-- DATASET EXTRACT follows --
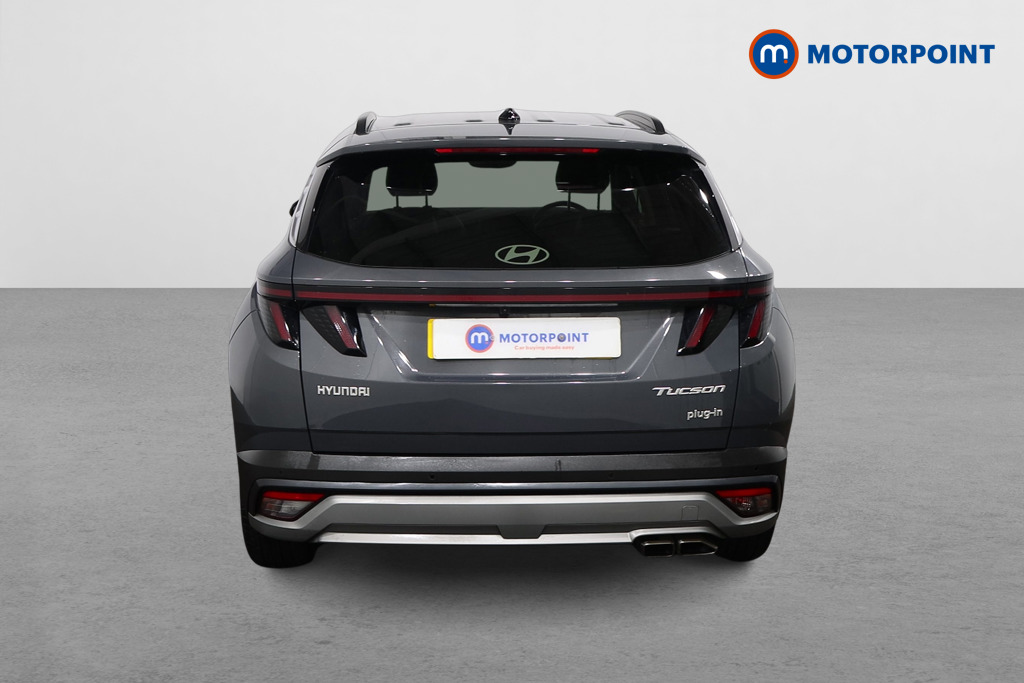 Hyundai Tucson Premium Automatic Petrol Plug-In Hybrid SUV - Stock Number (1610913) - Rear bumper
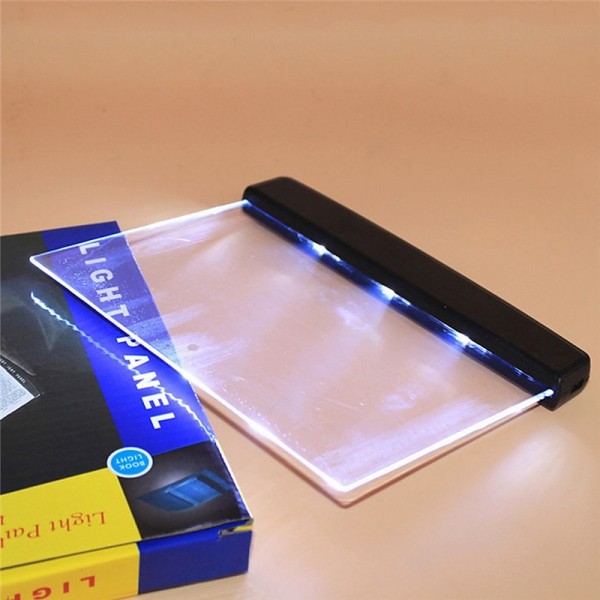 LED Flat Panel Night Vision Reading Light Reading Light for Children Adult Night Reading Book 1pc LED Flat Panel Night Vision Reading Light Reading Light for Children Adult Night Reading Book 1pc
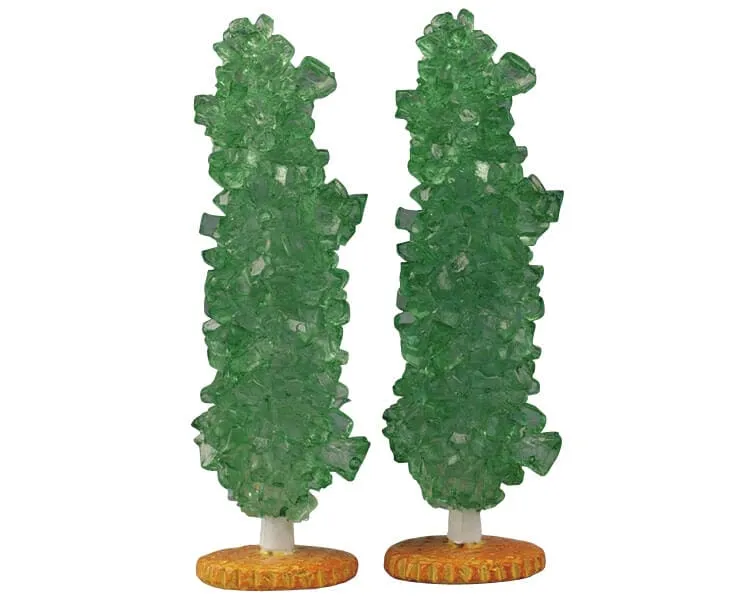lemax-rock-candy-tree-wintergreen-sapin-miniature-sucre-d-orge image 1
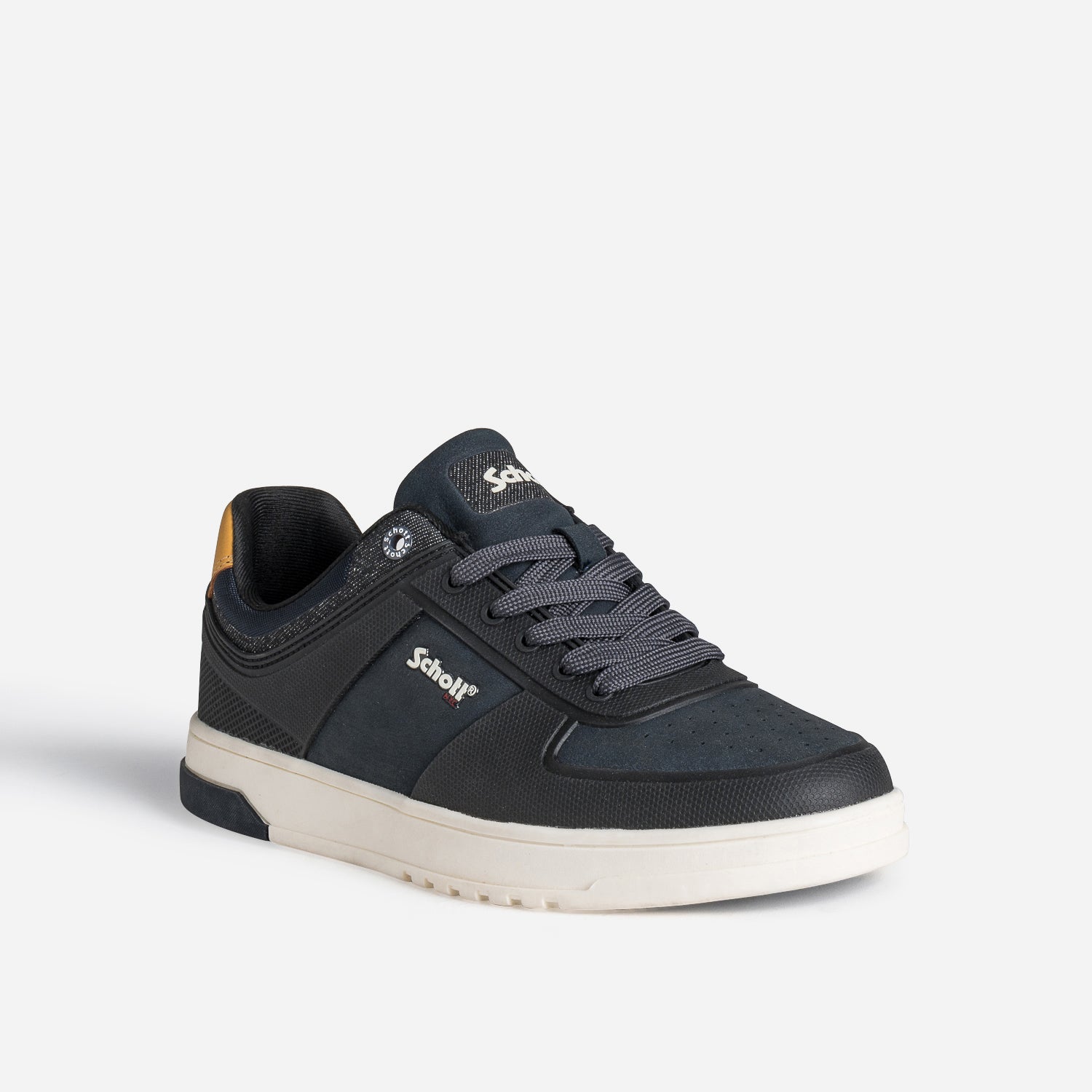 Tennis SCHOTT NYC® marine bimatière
-- DATASET EXTRACT concluded --
**ACTIVITY:** Please write every line above out exactly as given, except for any pictures.

**WRITTEN SOLUTION:**
 Hyundai Tucson Premium Automatic Petrol Plug-In Hybrid SUV - Stock Number (1610913) - Rear bumper
 LED Flat Panel Night Vision Reading Light Reading Light for Children Adult Night Reading Book 1pc LED Flat Panel Night Vision Reading Light Reading Light for Children Adult Night Reading Book 1pc
lemax-rock-candy-tree-wintergreen-sapin-miniature-sucre-d-orge image 1
 Tennis SCHOTT NYC® marine bimatière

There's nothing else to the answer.